PyTorch takes the modular, production-oriented capabilities from Caffe2 and ONNX and combines them with PyTorch’s existing flexible, research-focused design to provide a fast and seamless path (from research prototyping to production deployment) for a broad range of AI projects. A stable version, 1.0.1 of PyTorch with all these features has been provided for experimentation on AIX.
This tutorial discusses how to build or install PyTorch and Caffe2 on AIX 7.2 and use them for different machine learning(ML) and deep learning (DL) use cases. It also discusses a method to convert available ONNX models in the little endian (LE) format to the big endian(BE) format to run on AIX systems.

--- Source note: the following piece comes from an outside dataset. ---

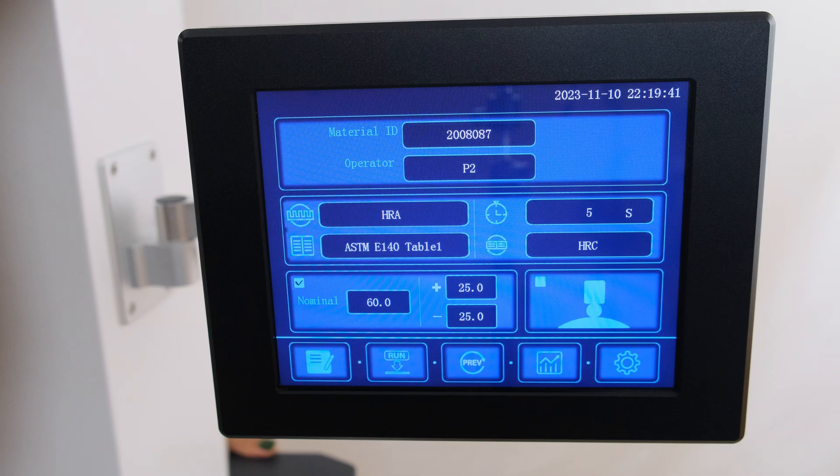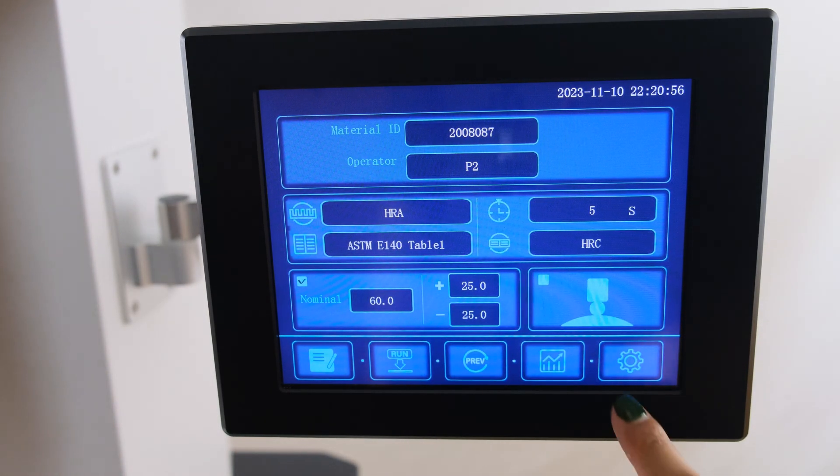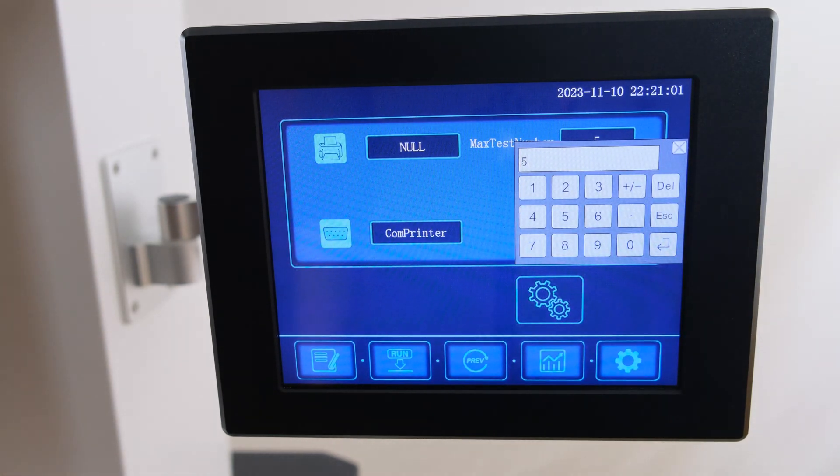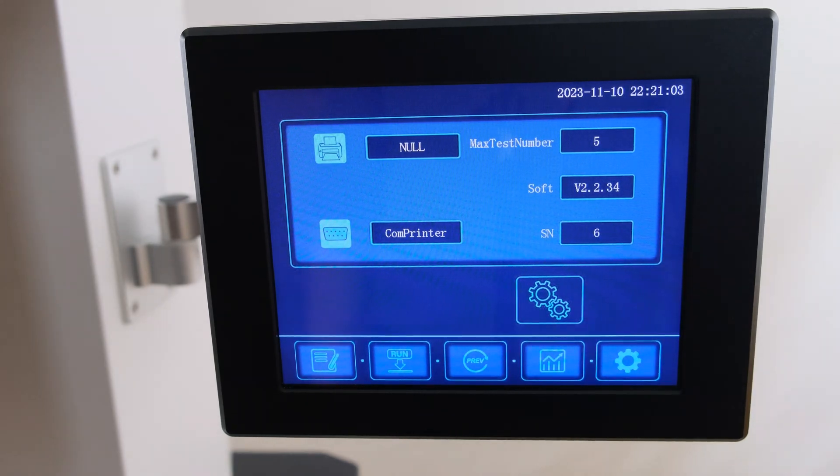After entering in your desired settings, it is recommended to press the fifth icon for device settings to set your maximum test number size. This number will determine the batch size for the autosave functionality of the machine.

AIX Toolbox for Linux Applications contains a collection of open source and GNU software built for IBM AIX systems. The prerequisites needed can be installed using the ‘
yum‘installation tool. Any dependent Python packages can be installed using the pip command. Python3, gcc, and pip packages need to be installed before building Protobuf, ONNX, PyTorch, or Caffe2. Refer to Configuring YUM and creating local repositories on IBM AIX for more information about it.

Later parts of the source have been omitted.